• Anisotropic Texture Filter: An extreme case of optimization

    Filtered textures have been essential in the breakthrough of consumer-level 3D graphics acceleration 1.5 decades ago. With bilinear filtering applied (in addition to Mip-Mapping), Voodoo Graphics delivered smooth images of legendary 3D games such as Quake, Tomb Raider or Diablo. But despite they say „things change”, bilinear filtering still is the preferred method current hardware employs as a baseline. Now, trilinear filtering starting to become popular at about 1998, added in a second cycle smoothes out the transitions between one Mip-Map-level and another, while anisotropic filtering, which raised to fame around the year 2001, uses filter kernels with different dimension for each axis – hence the name: An meaning „not” and isotropic meaning „equal in all directions”.

    Plus ça change, plus c'est la même chose
    One thing was true back in 1995 as in all the years to come until this very day (and probably will be for a very long time): Better quality images are not free. Bandwidth and math, texture filtering uses a lot of ressources. The math is easy, so easy actually, that very specific circuits have been created to perform the actual filtering, working double and triple (and more) shifts until the desired quality level is reached. They need to be fed with enough data though and here comes the second ressource, texture filtering relies on, into play: Bandwidth. Some of the texure units hunger for data can be served by providing a good amount of texture cache. That avoids re-fetching the same data multiple times.

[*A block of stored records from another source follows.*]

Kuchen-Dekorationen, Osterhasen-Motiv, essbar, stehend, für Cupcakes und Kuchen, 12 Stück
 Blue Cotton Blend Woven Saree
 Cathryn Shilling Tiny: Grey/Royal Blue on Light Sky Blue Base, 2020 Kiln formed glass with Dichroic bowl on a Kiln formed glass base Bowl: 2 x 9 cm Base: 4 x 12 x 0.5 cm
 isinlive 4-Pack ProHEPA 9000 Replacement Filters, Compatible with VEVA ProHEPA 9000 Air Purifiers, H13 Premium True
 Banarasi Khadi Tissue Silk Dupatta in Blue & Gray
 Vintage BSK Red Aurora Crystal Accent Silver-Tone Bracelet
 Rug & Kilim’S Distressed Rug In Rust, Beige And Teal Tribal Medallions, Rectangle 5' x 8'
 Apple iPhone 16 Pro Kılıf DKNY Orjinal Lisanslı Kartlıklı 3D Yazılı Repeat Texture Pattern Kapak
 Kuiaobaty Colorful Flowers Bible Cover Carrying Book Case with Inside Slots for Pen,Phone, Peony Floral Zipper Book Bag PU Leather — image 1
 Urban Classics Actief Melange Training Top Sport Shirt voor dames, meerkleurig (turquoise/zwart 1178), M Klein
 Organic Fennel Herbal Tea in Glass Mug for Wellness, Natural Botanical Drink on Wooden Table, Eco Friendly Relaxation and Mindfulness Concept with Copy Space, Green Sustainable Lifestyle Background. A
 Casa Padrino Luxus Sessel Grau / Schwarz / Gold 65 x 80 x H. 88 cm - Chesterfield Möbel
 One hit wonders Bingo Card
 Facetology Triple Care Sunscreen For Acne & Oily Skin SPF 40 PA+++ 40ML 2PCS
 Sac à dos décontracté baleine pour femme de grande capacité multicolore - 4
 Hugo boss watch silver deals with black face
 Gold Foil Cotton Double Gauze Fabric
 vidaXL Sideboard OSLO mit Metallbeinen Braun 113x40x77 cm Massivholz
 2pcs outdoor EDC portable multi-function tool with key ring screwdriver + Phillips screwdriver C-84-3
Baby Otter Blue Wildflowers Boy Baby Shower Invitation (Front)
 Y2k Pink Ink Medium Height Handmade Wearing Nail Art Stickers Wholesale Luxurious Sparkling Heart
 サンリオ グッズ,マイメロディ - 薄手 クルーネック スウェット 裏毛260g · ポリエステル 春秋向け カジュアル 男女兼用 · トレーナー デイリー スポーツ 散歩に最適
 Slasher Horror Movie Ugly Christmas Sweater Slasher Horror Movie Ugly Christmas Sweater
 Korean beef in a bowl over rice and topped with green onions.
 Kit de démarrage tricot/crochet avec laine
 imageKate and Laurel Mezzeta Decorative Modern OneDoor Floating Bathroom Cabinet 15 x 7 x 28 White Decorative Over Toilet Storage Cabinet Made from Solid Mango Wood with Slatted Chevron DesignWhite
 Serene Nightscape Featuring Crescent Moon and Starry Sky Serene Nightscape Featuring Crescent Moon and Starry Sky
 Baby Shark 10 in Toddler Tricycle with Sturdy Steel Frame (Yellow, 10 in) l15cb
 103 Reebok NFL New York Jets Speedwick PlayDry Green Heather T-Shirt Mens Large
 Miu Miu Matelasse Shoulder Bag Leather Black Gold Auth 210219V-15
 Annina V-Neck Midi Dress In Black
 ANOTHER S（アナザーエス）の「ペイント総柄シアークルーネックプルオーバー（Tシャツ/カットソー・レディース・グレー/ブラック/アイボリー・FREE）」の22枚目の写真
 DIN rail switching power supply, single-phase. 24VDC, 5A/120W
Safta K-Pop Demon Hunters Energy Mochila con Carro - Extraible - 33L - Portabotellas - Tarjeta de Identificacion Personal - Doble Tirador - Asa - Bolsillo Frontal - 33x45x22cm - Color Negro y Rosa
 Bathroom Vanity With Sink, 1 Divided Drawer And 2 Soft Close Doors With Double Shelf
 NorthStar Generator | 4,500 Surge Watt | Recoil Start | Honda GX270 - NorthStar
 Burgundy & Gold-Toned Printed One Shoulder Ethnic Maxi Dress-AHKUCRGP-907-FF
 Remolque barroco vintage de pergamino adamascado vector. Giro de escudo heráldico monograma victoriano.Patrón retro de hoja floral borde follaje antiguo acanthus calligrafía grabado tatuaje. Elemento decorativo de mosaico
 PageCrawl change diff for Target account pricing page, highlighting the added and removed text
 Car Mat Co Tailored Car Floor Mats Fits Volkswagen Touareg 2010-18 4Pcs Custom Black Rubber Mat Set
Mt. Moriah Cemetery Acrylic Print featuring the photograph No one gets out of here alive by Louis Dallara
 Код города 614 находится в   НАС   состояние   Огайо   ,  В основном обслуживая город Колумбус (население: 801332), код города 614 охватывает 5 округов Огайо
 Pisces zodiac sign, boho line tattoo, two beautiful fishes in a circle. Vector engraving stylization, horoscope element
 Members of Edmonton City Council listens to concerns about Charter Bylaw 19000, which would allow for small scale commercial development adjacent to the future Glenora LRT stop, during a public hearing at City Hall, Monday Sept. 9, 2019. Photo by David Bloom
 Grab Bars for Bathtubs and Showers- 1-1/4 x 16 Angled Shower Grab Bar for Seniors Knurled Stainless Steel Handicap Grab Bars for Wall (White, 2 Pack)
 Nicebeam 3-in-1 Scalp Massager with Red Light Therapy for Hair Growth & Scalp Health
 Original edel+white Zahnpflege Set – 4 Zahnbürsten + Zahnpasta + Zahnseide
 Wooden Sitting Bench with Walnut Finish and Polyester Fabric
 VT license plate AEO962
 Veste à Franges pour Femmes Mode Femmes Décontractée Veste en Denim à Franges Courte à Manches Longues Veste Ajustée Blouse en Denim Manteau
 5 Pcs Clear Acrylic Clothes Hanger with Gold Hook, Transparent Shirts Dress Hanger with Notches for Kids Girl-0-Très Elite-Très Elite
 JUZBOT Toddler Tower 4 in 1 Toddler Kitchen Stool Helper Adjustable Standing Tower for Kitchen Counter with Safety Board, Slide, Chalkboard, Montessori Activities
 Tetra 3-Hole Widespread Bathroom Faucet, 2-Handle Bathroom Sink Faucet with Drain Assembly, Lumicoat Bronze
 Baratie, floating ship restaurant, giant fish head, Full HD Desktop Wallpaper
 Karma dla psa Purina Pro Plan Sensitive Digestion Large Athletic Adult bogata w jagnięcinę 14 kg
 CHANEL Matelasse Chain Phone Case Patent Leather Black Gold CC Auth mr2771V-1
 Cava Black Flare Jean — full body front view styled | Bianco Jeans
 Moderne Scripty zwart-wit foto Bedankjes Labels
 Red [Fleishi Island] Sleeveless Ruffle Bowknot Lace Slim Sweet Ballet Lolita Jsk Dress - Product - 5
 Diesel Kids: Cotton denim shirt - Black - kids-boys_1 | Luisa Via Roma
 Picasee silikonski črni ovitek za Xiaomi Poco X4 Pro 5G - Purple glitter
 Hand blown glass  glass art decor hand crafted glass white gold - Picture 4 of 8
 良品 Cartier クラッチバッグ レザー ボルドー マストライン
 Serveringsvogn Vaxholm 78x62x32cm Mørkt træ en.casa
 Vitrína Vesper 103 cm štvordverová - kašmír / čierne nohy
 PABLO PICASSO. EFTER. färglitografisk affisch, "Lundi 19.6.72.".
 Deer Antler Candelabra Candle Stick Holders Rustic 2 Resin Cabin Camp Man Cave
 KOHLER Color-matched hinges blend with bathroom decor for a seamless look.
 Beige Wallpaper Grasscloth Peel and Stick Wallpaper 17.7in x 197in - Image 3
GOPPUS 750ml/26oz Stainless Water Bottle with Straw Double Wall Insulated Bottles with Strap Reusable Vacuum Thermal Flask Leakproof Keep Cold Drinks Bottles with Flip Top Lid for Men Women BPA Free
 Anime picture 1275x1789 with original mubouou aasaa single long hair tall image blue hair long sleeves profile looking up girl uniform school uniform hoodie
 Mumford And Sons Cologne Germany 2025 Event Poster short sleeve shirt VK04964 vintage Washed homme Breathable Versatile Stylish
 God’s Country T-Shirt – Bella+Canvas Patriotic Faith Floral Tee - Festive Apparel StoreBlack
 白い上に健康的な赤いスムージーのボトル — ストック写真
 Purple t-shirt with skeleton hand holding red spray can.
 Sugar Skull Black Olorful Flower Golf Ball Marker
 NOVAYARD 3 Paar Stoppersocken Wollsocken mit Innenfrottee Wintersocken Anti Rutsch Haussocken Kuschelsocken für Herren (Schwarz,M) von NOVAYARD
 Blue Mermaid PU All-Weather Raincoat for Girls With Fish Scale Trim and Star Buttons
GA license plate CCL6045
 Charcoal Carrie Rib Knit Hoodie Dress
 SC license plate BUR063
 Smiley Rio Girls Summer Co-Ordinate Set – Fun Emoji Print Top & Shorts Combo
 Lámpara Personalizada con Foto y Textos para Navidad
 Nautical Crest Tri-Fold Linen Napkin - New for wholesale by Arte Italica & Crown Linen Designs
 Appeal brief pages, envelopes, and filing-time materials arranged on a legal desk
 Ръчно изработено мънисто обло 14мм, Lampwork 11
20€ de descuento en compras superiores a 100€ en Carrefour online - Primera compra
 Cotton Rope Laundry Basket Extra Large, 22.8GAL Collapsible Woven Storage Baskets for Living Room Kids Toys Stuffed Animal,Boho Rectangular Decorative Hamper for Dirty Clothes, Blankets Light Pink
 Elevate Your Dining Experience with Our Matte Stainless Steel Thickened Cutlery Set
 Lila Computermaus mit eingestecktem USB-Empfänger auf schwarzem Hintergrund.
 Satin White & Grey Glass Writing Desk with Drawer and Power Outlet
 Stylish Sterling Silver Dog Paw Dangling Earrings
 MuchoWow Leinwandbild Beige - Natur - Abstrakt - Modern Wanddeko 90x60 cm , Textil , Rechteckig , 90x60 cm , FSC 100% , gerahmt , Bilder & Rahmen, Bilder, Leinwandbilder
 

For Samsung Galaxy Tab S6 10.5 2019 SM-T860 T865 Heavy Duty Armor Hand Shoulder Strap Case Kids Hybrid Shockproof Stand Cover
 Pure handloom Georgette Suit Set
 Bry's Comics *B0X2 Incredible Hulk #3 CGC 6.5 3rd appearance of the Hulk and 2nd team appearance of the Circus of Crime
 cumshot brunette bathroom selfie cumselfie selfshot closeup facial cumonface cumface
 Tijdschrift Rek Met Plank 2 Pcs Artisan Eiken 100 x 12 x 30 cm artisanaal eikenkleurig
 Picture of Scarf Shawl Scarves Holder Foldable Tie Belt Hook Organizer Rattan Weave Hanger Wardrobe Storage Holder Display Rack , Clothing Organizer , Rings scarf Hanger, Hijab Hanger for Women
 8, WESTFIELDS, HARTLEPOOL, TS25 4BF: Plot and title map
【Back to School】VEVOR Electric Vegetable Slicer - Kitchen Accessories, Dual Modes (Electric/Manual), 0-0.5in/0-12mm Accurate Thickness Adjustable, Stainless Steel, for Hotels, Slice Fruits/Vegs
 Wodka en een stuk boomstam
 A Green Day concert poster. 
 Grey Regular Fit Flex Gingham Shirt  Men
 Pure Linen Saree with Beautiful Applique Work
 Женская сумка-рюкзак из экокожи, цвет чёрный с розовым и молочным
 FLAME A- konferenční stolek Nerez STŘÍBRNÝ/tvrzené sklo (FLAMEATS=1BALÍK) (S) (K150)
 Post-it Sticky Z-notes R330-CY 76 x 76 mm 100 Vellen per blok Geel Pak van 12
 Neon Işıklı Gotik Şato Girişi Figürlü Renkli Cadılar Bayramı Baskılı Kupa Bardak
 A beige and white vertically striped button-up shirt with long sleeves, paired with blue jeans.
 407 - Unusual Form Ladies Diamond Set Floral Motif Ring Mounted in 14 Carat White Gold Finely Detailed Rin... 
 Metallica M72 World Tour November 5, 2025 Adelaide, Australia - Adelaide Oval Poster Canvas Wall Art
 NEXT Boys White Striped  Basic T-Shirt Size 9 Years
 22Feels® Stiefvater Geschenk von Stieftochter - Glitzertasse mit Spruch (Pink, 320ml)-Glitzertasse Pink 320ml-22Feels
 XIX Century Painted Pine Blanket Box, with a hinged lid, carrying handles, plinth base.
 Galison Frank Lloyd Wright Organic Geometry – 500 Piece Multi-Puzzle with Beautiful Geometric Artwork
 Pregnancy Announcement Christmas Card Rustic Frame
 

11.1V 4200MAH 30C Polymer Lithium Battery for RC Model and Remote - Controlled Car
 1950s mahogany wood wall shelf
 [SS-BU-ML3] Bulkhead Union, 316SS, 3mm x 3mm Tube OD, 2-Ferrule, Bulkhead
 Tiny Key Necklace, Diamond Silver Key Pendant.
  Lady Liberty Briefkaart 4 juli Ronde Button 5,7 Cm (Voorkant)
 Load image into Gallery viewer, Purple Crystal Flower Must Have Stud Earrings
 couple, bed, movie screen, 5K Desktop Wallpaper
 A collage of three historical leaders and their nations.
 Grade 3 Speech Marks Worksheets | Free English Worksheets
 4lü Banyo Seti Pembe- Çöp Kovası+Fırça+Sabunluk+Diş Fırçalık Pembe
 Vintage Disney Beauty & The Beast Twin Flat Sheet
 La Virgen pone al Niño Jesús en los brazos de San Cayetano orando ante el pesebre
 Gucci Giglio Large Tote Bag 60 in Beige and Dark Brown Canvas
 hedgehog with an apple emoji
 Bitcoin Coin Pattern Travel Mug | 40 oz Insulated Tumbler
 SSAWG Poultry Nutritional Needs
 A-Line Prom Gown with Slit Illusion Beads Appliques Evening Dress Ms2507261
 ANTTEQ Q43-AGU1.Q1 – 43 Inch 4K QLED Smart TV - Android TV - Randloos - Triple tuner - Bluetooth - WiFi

    There have been countless attempts at improving the texture filters performance over the years some, or should I say many, of which actually involve a reduction of image quality delivered. In the past, both Ati and Nvidia were head over heels into the race of who could save the most cycles spent on texture filtering. There has been and still is endless debate around texture filters as well as a whole host of articles critizing cheats and hidden optimization, like here at my site, here, here, here, here, here, here, here, here, here, here, and here (do you also wonder why almost all of those links are to german websites? Somewhere, I have heard the term „Filter Nazis” ) I think it's moot to start pointing fingers at either Nvidia or AMD nee Ati, no one is innocent.

    Performance Optimizations – NOT
    In this article, I don't want to discuss the image quality but rather focus on the more or less substantial fps gains enabled through the so called optimizations of texture filtering. You might have noticed, that I didn't use the word „performance”, because that involves work and time. If I reduce work by 50 percent and save also 50 percent of the time, I did not improve performance, but only lowered the workload.

    There are many ways to reduce workload: You can save on the width of the Mip-Map-transitions being filtered trilinear (sometimes also called trylinear or brilinear, though I prefer reduced-trilinear), you can save samples in your anisotropic filter, you can save on the time to compute which filter kernels to select and the list goes on. Depending on the task at hand, there is a chance that image quality will be degraded, regardless of what Nvidia and AMD might say.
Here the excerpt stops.